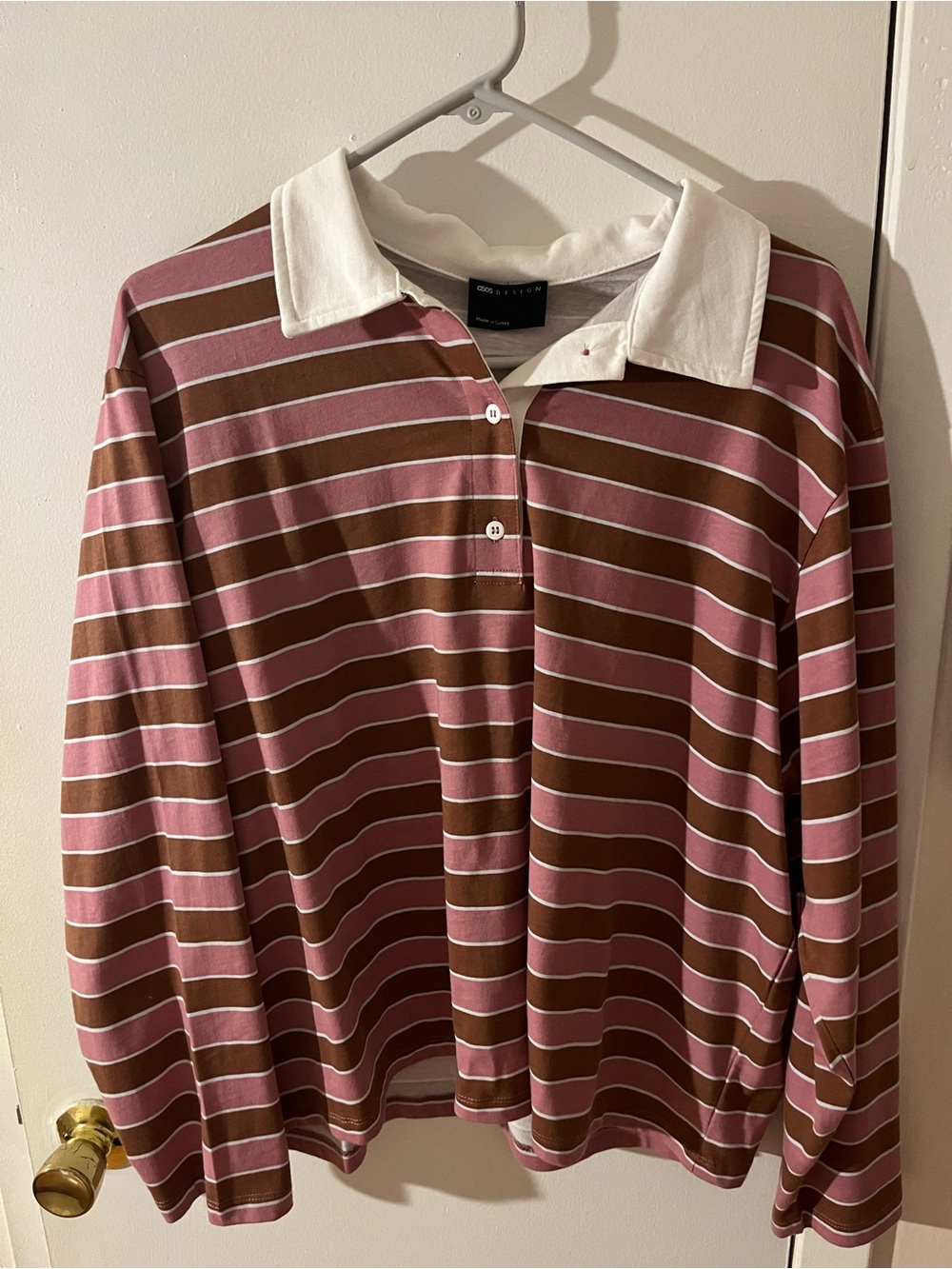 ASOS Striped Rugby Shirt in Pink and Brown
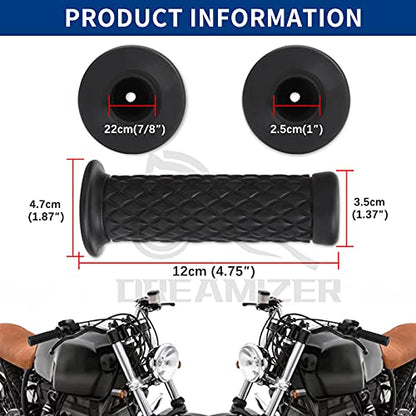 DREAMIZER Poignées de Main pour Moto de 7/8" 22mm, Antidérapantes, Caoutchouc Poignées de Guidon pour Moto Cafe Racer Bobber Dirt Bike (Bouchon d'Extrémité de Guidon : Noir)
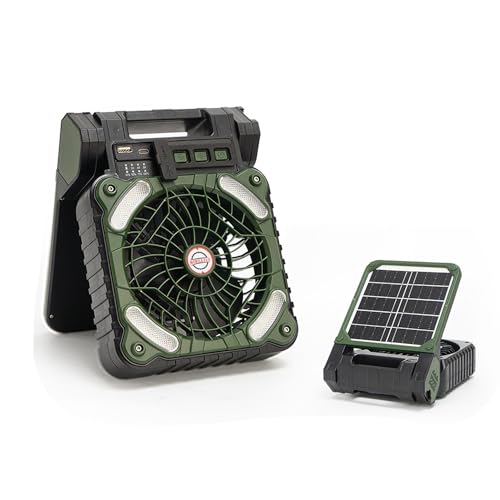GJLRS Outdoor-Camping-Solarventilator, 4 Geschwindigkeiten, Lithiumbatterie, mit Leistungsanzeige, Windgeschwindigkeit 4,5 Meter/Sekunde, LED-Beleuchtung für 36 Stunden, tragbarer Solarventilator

┄┄┄┄┄┄┄┄┄┄

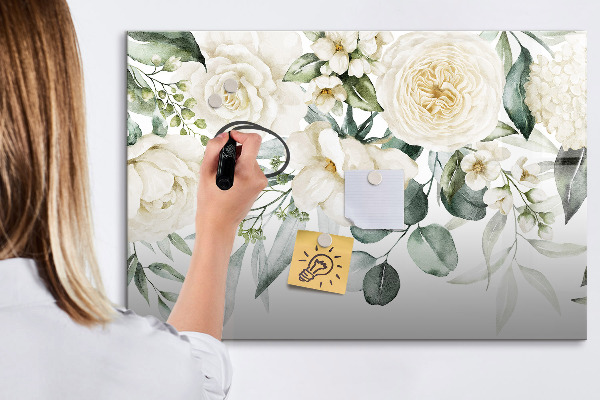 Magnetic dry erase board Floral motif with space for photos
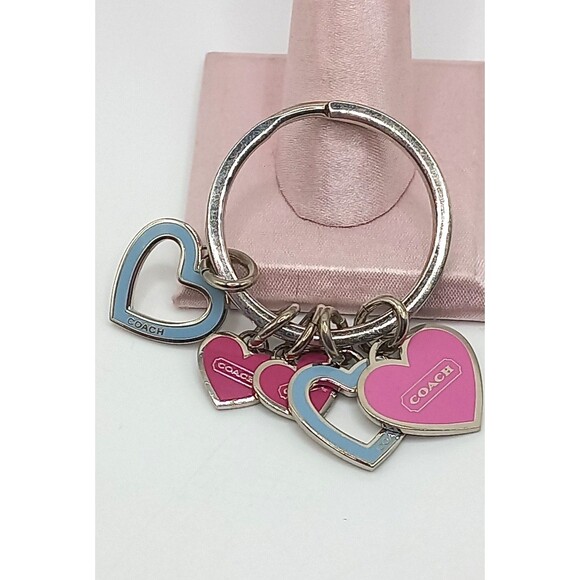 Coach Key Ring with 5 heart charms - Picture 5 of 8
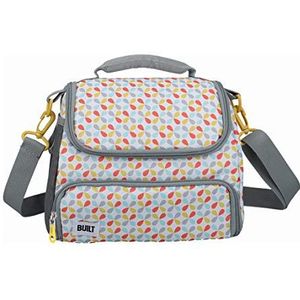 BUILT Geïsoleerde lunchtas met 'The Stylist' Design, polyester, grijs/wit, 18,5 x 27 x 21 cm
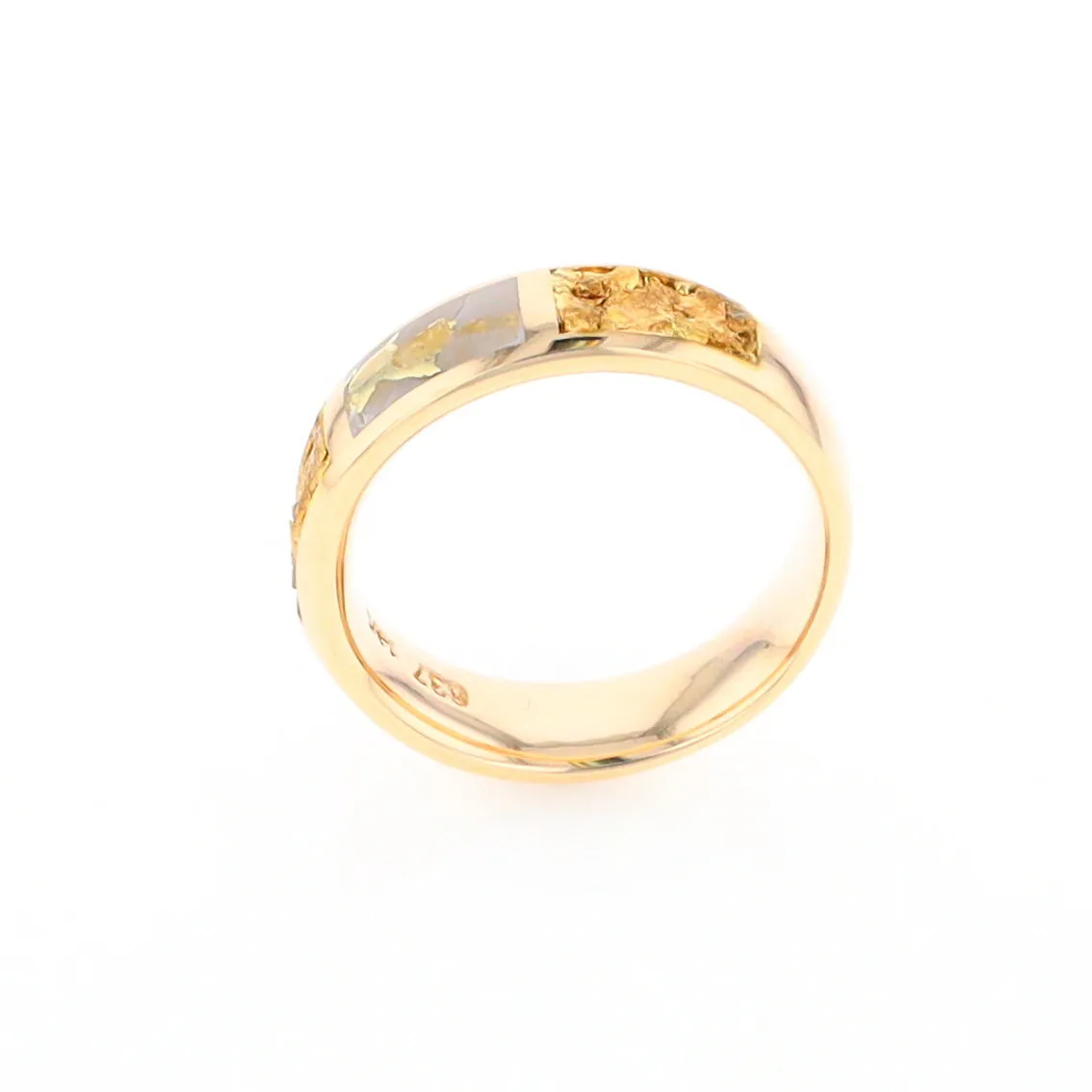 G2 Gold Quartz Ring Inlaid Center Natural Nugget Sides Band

┄┄┄┄┄┄┄┄┄┄

■ What you have to do
Please copy out from the data above, without any picture, exactly the lines running from the one that holds "DREAMIZER Poignées de" through the one that holds "GJLRS Outdoor-Camping-Solarventilator, 4", and nothing beyond them.

■ Reply to the task
 DREAMIZER Poignées de Main pour Moto de 7/8" 22mm, Antidérapantes, Caoutchouc Poignées de Guidon pour Moto Cafe Racer Bobber Dirt Bike (Bouchon d'Extrémité de Guidon : Noir)
GJLRS Outdoor-Camping-Solarventilator, 4 Geschwindigkeiten, Lithiumbatterie, mit Leistungsanzeige, Windgeschwindigkeit 4,5 Meter/Sekunde, LED-Beleuchtung für 36 Stunden, tragbarer Solarventilator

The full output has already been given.